## SOURCE MATERIAL
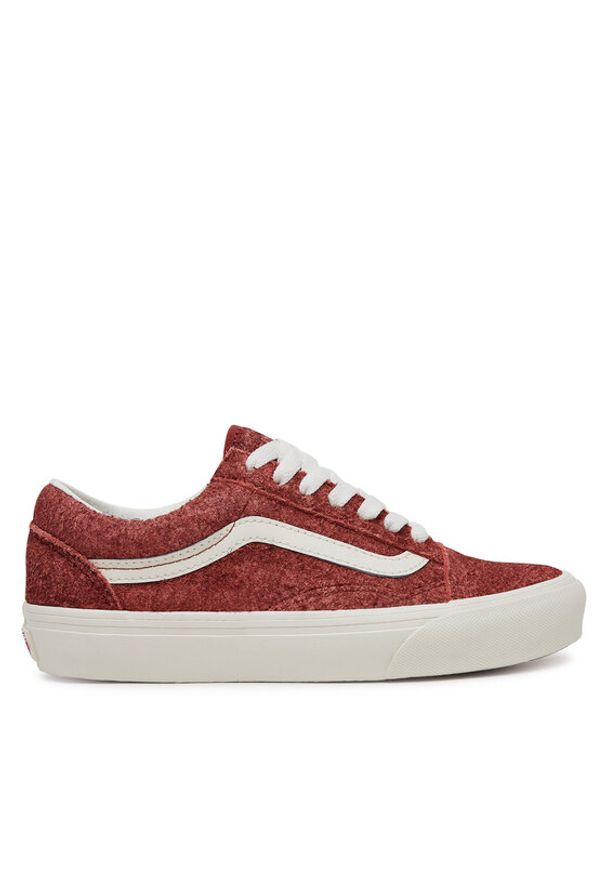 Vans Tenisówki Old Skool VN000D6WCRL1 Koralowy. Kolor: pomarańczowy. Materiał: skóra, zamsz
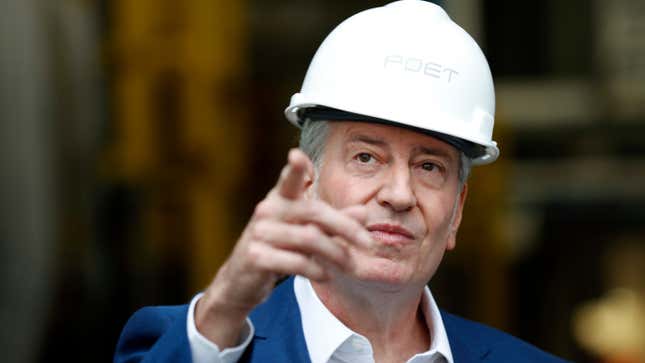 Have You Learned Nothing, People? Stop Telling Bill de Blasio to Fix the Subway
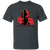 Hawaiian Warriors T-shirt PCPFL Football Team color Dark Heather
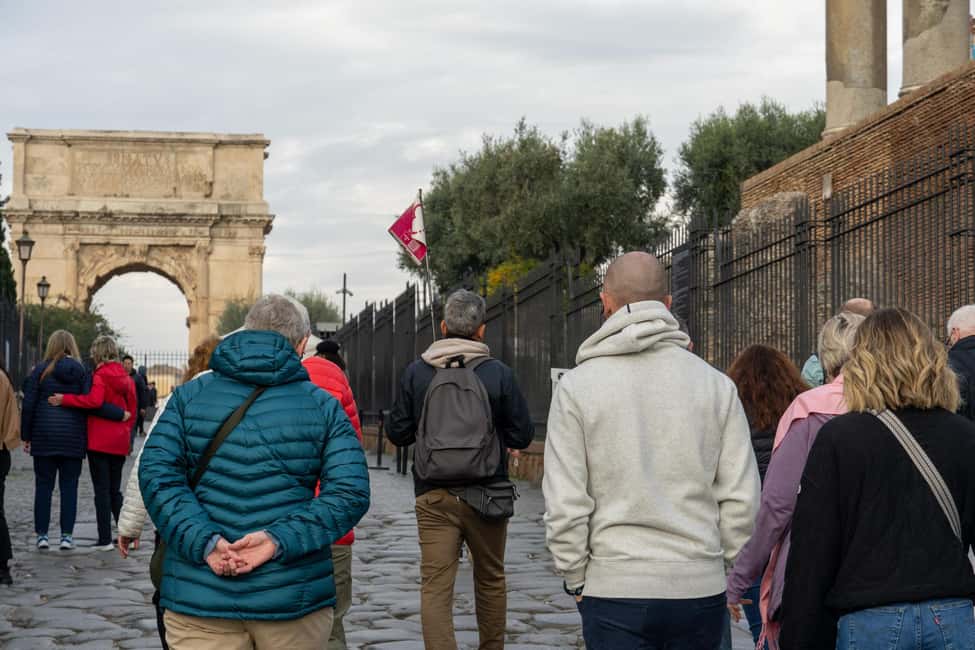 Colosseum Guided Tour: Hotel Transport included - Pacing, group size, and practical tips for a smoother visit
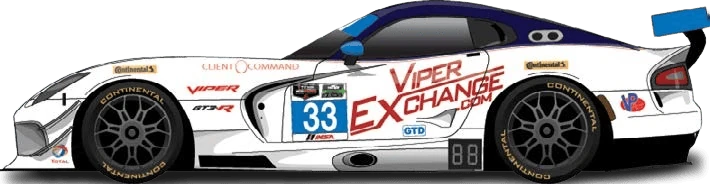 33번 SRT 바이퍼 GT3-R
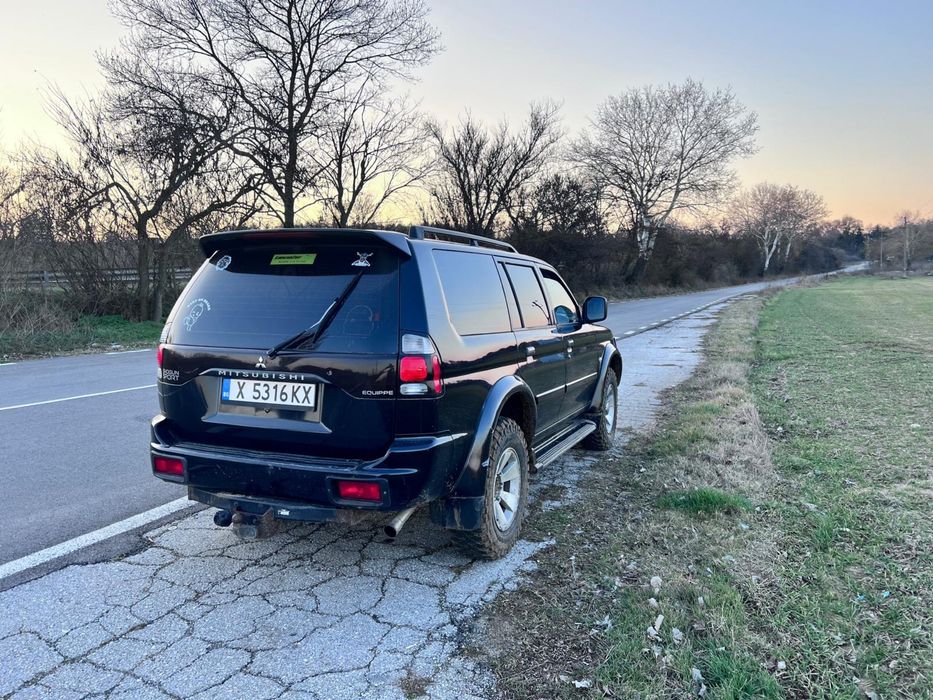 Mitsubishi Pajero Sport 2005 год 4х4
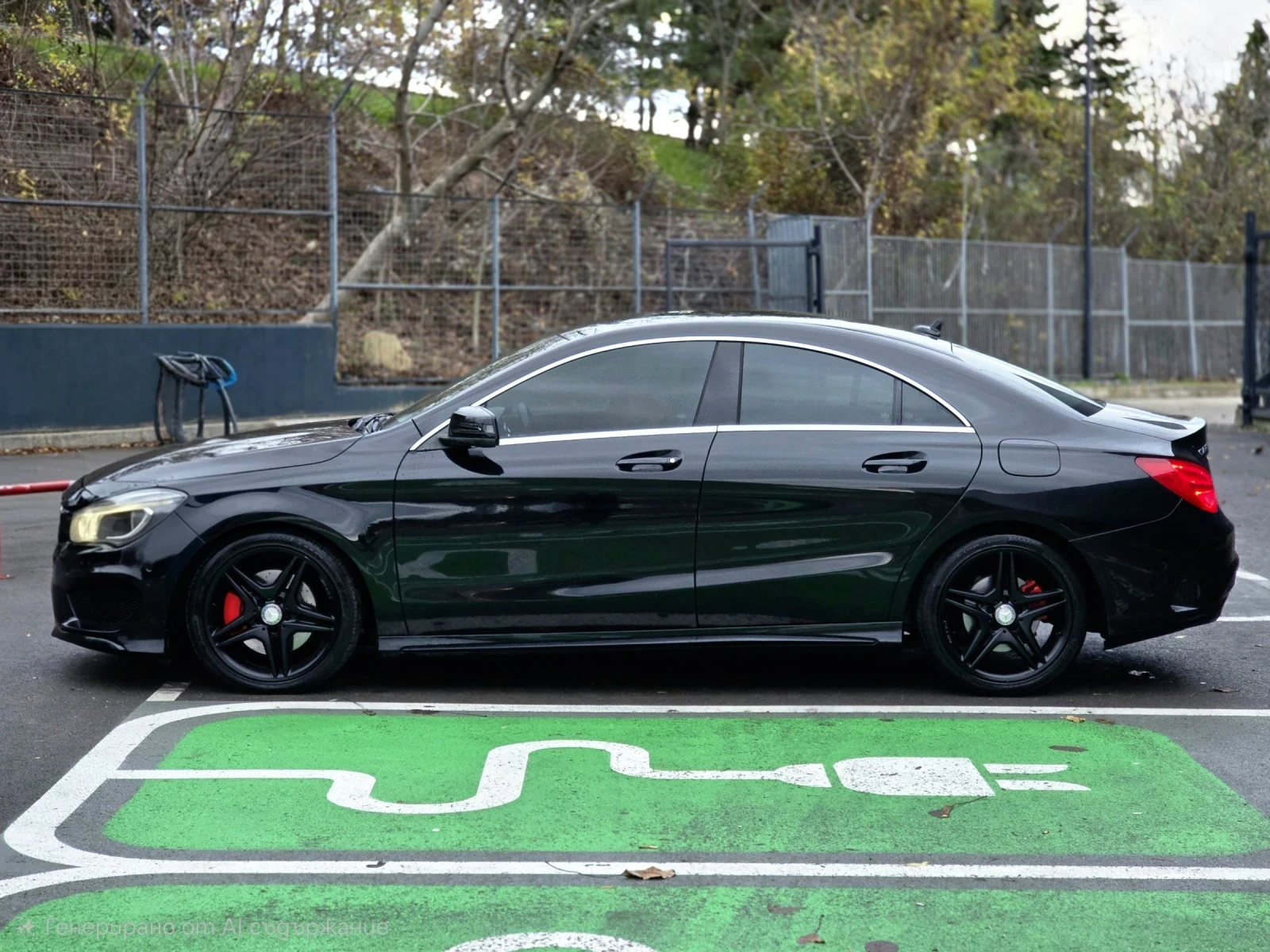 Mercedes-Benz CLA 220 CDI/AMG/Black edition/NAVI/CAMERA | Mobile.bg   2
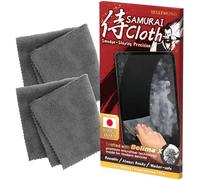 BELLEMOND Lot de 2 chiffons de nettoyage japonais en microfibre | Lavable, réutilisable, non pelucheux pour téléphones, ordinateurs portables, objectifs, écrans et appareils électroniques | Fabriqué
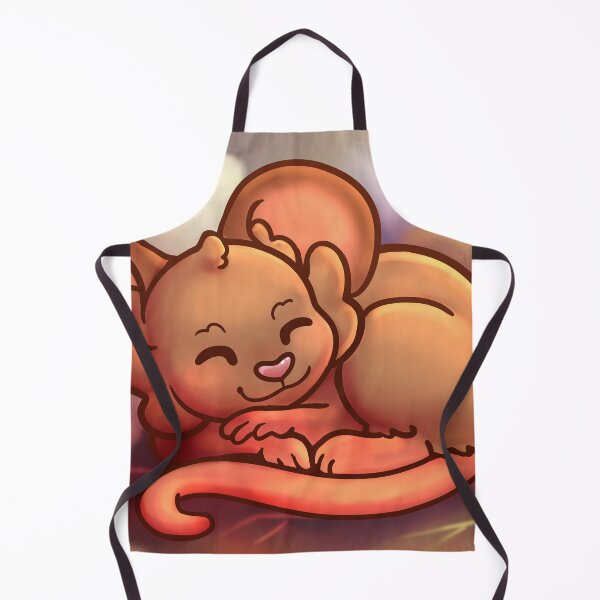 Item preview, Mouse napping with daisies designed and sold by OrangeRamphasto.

## WHAT TO PRODUCE
For this copy, leave pictures out and reproduce the lines from the one bearing "BELLEMOND Lot de" through the final line of the listing above, both ends included.

## SOLUTION FOR THIS EXERCISE
 BELLEMOND Lot de 2 chiffons de nettoyage japonais en microfibre | Lavable, réutilisable, non pelucheux pour téléphones, ordinateurs portables, objectifs, écrans et appareils électroniques | Fabriqué
 Item preview, Mouse napping with daisies designed and sold by OrangeRamphasto.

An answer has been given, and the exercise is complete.